“When you assume you make an Ass of of U and Me!” said the teacher at my management course. (Did you get it?)
That has always stuck with me in my work relationships, when I lead people and in my romantic world.
How has it felt when someone has assumed something about you?
When someone has assumed the worst in you, it feels mighty crappy doesn’t it?
That pit in your stomach, your eyes well up, your mind stewing over how someone could think you would be so terrible!! It really hurts to be painted the wrong way.
But I wonder how many times people around us have assumed the best about us and we haven’t really noticed?
This thought occurred to me the other day when I was hanging out with my husband.

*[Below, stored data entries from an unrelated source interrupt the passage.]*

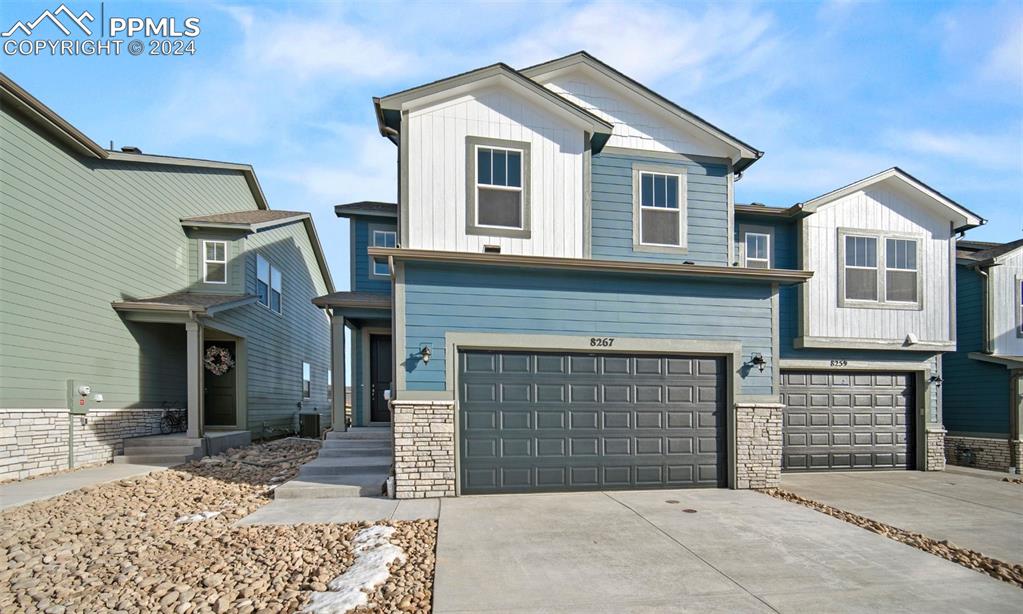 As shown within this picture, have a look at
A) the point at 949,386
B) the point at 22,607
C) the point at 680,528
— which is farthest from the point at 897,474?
the point at 22,607

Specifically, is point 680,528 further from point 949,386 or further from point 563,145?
point 949,386

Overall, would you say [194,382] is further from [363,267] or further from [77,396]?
[363,267]

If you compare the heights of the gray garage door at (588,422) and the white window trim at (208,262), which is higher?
→ the white window trim at (208,262)

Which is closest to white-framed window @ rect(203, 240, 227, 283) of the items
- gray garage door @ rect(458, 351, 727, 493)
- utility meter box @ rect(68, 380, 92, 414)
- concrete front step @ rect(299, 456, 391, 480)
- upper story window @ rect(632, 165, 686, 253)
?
utility meter box @ rect(68, 380, 92, 414)

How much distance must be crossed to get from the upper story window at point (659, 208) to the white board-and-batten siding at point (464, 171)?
1.20 metres

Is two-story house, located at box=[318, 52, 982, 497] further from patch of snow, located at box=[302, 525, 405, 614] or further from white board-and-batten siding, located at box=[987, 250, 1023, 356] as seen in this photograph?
white board-and-batten siding, located at box=[987, 250, 1023, 356]

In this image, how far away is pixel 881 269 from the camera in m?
11.6

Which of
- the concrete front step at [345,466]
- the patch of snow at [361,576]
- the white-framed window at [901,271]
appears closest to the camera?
the patch of snow at [361,576]

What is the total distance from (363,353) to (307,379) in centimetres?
1027

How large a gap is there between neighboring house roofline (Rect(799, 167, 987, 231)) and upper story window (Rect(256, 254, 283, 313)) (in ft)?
45.1

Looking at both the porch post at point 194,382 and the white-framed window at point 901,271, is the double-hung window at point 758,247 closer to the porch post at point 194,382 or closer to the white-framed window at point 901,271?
the white-framed window at point 901,271

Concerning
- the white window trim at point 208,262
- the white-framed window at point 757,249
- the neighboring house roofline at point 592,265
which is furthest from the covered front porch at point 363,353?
the white-framed window at point 757,249

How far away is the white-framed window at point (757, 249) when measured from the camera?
11578mm

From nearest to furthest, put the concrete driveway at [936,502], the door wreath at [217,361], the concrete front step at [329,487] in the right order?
the concrete driveway at [936,502]
the concrete front step at [329,487]
the door wreath at [217,361] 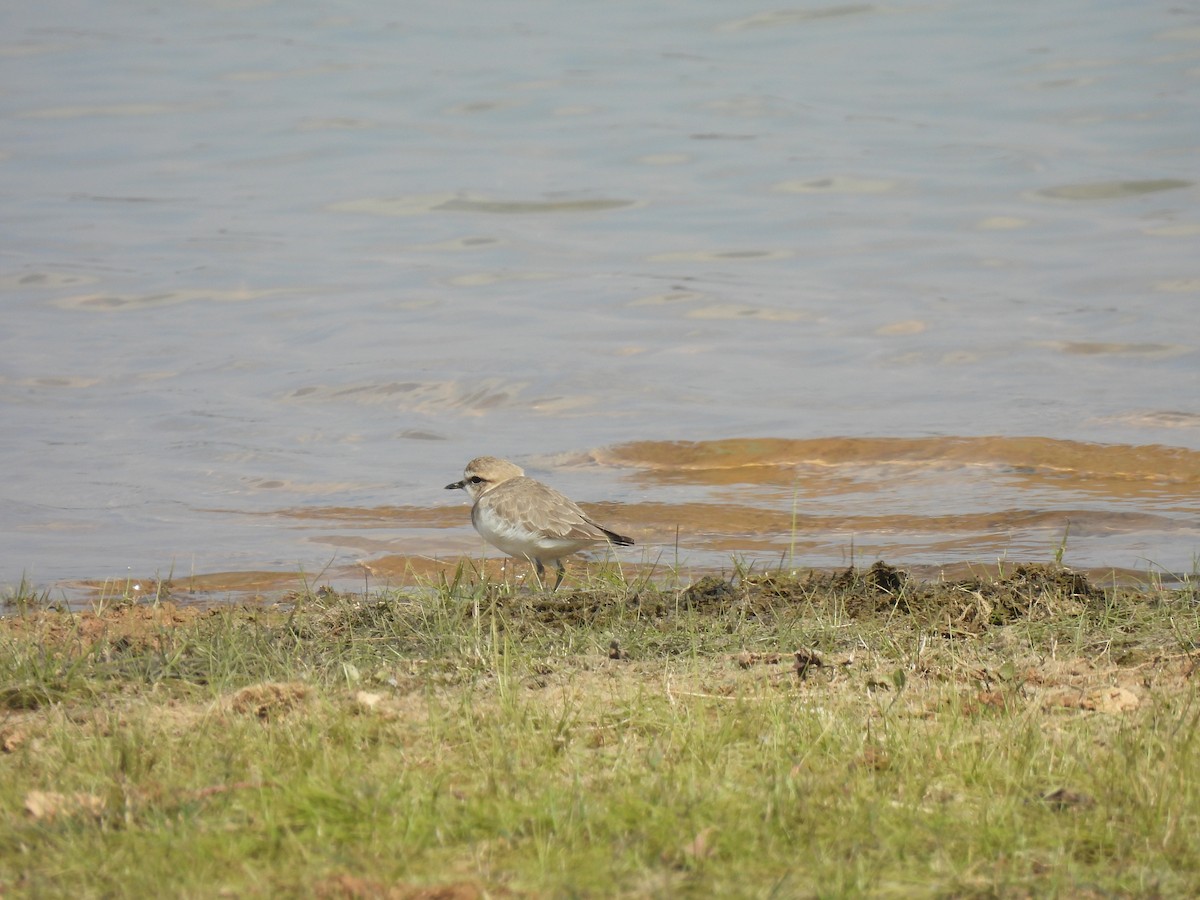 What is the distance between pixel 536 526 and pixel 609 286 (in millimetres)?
10854

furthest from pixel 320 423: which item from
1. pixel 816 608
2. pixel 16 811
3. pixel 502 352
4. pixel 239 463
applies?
pixel 16 811

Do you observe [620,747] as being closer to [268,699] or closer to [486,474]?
[268,699]

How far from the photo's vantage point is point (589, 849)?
394 centimetres

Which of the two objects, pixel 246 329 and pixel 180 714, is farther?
pixel 246 329

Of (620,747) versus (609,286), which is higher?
(609,286)

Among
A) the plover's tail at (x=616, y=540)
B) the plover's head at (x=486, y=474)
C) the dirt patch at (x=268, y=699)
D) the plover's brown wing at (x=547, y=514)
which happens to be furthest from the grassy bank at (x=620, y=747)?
the plover's head at (x=486, y=474)

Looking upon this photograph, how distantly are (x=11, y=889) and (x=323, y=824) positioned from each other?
0.75 m

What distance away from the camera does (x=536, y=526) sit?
8.16 m

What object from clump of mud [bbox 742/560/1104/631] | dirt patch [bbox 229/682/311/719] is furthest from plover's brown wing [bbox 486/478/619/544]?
dirt patch [bbox 229/682/311/719]

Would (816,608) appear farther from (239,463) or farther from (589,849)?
(239,463)

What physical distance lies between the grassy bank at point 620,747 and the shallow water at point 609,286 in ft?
9.11

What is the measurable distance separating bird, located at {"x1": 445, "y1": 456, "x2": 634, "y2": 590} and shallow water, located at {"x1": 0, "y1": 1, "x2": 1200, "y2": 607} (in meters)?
0.87

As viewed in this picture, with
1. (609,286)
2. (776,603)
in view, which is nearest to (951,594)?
(776,603)

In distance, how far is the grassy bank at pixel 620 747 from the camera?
12.7 ft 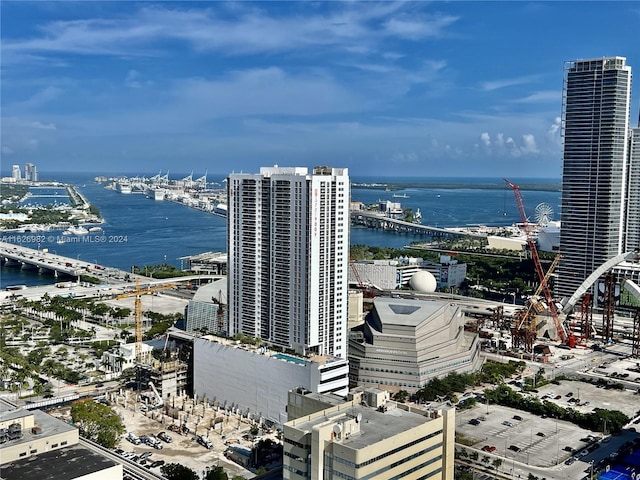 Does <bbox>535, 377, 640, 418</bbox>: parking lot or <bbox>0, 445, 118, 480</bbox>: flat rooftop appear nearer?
<bbox>0, 445, 118, 480</bbox>: flat rooftop

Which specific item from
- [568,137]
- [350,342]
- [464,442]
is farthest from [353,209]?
[464,442]

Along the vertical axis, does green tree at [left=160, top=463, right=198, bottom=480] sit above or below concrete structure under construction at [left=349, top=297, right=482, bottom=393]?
below

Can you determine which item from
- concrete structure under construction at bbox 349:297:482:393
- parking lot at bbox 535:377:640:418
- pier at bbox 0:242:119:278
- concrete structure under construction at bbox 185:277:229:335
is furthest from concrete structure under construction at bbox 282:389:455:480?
pier at bbox 0:242:119:278

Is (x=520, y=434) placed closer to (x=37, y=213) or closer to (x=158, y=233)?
Answer: (x=158, y=233)

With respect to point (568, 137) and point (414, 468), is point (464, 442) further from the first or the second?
point (568, 137)

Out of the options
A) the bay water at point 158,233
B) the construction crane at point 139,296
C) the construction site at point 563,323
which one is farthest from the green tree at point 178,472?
the bay water at point 158,233

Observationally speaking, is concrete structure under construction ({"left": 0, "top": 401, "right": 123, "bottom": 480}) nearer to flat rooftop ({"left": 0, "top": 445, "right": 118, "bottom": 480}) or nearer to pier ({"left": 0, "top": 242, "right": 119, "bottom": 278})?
flat rooftop ({"left": 0, "top": 445, "right": 118, "bottom": 480}) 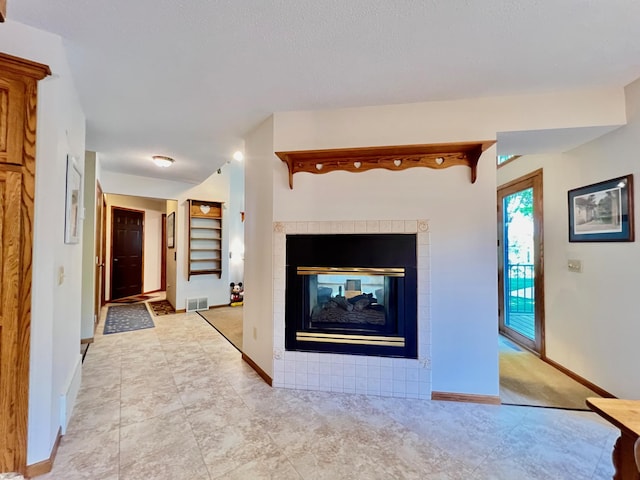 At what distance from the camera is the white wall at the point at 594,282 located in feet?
7.18

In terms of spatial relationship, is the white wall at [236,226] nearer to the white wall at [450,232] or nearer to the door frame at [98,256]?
the door frame at [98,256]

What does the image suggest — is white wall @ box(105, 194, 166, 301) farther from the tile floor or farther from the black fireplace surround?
the black fireplace surround

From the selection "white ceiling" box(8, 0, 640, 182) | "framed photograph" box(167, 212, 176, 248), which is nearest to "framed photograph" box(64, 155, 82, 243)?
"white ceiling" box(8, 0, 640, 182)

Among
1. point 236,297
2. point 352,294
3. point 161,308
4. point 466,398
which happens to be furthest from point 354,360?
point 161,308

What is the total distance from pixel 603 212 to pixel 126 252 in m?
8.27

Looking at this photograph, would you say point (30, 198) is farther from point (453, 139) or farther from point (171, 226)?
point (171, 226)

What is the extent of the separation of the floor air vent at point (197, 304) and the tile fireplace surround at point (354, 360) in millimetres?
3473

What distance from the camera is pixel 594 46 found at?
173cm

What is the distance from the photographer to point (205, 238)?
18.6 feet

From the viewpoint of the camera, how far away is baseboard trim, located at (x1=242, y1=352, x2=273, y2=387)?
263 cm

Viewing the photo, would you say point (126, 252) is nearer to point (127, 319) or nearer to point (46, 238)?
point (127, 319)

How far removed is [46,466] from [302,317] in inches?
68.4

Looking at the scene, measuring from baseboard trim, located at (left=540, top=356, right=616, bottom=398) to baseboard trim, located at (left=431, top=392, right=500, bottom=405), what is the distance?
921 millimetres

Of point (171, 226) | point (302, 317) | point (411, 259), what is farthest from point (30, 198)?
point (171, 226) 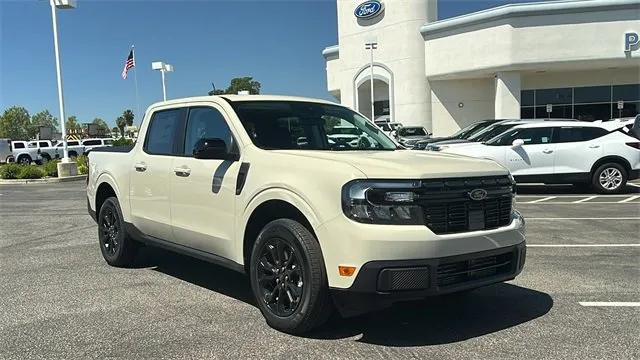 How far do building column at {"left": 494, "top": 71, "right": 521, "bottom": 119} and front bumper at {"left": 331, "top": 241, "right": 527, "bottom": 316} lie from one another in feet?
106

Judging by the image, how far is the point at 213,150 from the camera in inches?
183

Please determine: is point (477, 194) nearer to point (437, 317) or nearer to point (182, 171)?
point (437, 317)

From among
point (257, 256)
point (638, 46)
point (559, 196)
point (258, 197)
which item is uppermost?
point (638, 46)

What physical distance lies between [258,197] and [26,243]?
5606mm

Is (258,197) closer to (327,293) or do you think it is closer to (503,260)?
(327,293)

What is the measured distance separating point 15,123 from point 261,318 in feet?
487

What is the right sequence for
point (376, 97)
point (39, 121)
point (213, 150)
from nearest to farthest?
point (213, 150) → point (376, 97) → point (39, 121)

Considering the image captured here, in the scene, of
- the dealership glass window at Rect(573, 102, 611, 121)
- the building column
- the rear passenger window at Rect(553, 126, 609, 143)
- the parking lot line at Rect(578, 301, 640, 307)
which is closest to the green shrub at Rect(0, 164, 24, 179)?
the rear passenger window at Rect(553, 126, 609, 143)

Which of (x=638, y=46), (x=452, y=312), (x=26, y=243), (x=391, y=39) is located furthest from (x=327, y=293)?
(x=391, y=39)

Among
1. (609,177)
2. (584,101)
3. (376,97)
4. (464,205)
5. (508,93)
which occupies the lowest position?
(609,177)

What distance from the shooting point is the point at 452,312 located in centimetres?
478

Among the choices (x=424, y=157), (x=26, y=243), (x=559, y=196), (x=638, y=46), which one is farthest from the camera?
(x=638, y=46)

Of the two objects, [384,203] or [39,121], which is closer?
[384,203]

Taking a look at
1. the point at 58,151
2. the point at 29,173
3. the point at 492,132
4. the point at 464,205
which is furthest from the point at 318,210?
the point at 58,151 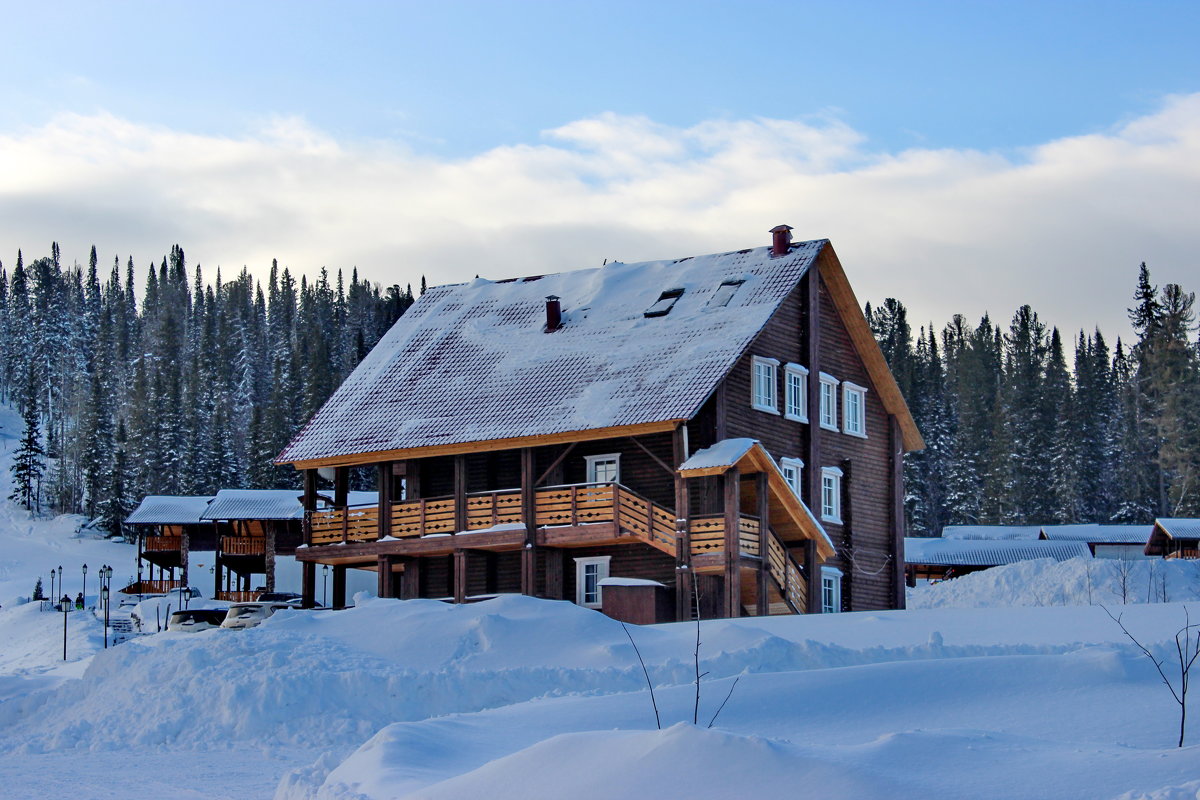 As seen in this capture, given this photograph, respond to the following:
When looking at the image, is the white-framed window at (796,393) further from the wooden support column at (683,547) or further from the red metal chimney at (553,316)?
the red metal chimney at (553,316)

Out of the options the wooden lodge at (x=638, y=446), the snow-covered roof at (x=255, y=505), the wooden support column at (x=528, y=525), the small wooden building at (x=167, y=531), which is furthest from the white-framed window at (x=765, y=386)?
the small wooden building at (x=167, y=531)

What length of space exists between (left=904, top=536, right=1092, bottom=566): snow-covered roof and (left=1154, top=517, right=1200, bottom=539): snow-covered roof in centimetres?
368

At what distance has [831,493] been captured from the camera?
37.3 m

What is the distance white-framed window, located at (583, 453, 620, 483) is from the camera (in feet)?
114

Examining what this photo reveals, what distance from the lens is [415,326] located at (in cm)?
4153

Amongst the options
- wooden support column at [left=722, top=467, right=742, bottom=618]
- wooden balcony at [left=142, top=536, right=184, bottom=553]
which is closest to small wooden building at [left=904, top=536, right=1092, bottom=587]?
wooden balcony at [left=142, top=536, right=184, bottom=553]

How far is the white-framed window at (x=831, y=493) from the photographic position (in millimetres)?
36969

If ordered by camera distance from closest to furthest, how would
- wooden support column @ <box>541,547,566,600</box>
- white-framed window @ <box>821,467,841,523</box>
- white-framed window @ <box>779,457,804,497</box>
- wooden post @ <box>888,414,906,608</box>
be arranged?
wooden support column @ <box>541,547,566,600</box>, white-framed window @ <box>779,457,804,497</box>, white-framed window @ <box>821,467,841,523</box>, wooden post @ <box>888,414,906,608</box>

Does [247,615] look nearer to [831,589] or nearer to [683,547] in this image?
[683,547]

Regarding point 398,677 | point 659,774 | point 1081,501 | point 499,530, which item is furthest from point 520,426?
point 1081,501

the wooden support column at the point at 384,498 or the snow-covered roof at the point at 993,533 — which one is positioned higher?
the wooden support column at the point at 384,498

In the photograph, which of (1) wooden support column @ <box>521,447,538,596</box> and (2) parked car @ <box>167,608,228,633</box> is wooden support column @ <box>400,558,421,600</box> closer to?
(1) wooden support column @ <box>521,447,538,596</box>

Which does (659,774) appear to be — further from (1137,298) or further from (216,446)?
(1137,298)

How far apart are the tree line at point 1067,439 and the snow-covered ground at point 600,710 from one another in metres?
66.2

When he does something to annoy me or forgets to pay a bill or says something to me that has potential to hurt my feelings.
I bet he assumes when I snap at him it’s because I’m really tired or I am having a grey day, I bet he assumes the best when I forget to load the dishwasher, I bet he assumes the best when I don’t listen to him properly.
Could I make a positive assumption each time?
Could I make a commitment to assume that he is a good guy and loves me more than anything in the world? Could I assume that he never sets out to hurt me?
I wonder how that would change my attitude towards him.
And what about assumptions in friendships?
Could I commit to assume that when a friend doesn’t text back for a week it’s because they are very busy and have alot going on? Could I assume that I am very much loved by my friends and that they want the best for me? Could I make the assumption that if someone wants to hang out, they will call?
I wonder how that would heal my insecurities, I wonder how my anxiety levels would decrease.
Assumptions my friend are good, when we assume the very best.
Being an Ass is inevetbale in this world, so why not be a good Ass with me and assume the best in the ones we love and maybe even in the ones we do not love so much.